Merchant Cash Advances come by the dozen these days but one that we have encountered often especially in litigation is Kalamata Capital Group LLC. Kalamata is frequently represented by Berkovitch and Bouskila, a merchant cash advance collection law firm that we have defended many MCA cases against. Berkovitch and Bouskila file suit quickly in our experience and frequently obtain default judgments against business defendants. One of the problems with this field of law is that service of process is frequently mailed to the debtor as opposed to the standard way of having a service processor come to the business or home of the individual. This sort of service is usually provided in small print in the MCA agreement that companies like Kalamata make businesses sign. Ironically, merchant cash advance creditors still manage to serve wrong addresses even with this easier version of service or fail to provide any sort of delivery tracking.
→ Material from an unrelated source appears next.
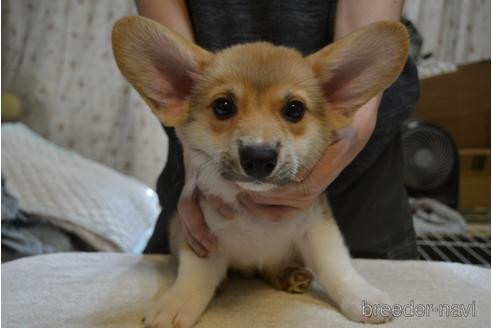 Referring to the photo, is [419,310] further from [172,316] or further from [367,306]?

We always explain that the correct way to defend against MCA creditors like Kalamata Capital is by submitting an answer with affirmative defenses including that of usury and counterclaims where appropriate. Berkovitch and Bouskila frequently file motions for summary judgment attempting to have the court rule in their favor early on in the case without having to go through much or any of the discovery process and in order to avoid a potential trial. This has been fairly unsuccessful for them in our experience when proper opposition is filed showing that there are in fact issues that must be decided at trial instead of as a matter of law. This is even more true recently after the number of federal and state cases ruling against MCA lenders and more clearly establishing that merchant cash advances are in fact usurious loans as opposed to the purchase of receivables that they make themselves out to be. State judges are more experienced with these cases now, as they understand the business of Merchant Cash Advances companies and how small and medium businesses are affected by them.
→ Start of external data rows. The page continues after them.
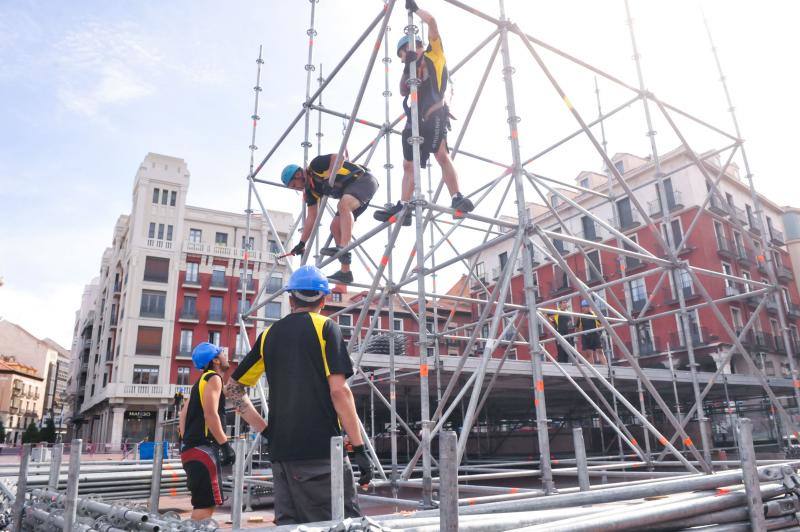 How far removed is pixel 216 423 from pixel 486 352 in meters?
2.31

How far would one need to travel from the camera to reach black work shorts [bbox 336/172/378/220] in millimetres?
7441

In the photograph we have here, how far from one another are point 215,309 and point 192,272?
10.1 feet

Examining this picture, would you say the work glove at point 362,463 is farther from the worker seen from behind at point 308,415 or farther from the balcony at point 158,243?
the balcony at point 158,243

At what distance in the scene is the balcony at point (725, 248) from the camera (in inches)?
1104

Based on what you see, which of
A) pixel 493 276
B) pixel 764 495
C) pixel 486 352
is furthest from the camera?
pixel 493 276

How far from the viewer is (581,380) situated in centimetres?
1408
Default judgments are unfortunately common due to the service issues discussed above, so an order to show cause or motion to vacate the default judgment must be filed in order to re-open the case and give the business debtor the ability to defend themselves on the merits of the case. Vacating the judgment removes the ability of Kalamata or other MCAs from levying bank accounts or placing liens against property. It also removes large amount of additional fees that are added on to the debt once a judgment is obtained. We commonly see between $10,000-$20,000 of attorney fees alone added on to a judgment once it is obtained. However, MCA lenders including Kalamata frequently use UCC liens to levy other type of assets as well. UCC liens are particularly dangerous because a creditor like Kalamata uses them without obtaining a judgment or even before a lawsuit is filed. Although we believe the use of these liens is essentially a back-door way of levying assets before a lawsuit even begins, they are powerful tools for MCA lenders. Common targets include attacking a business’s merchant processor, like a Stripe or Square, attaching online platforms such as PayPal, Venmo, Intuit or others and pursuing vendors or clients that owe the business money.
In many cases, a practical resolution is a negotiated settlement that reduces the balance of the already inflated debt and often allows for an interest-free installment agreement that can range for 12 months or longer, eliminating the daily or weekly payments and extreme interest that make it so difficult to pay but so easy to default on. Defending cases against Kalamata Capital LLC and MCA creditors like it is essential to protect a business’s assets and property and to ultimately obtain a reduced settlement.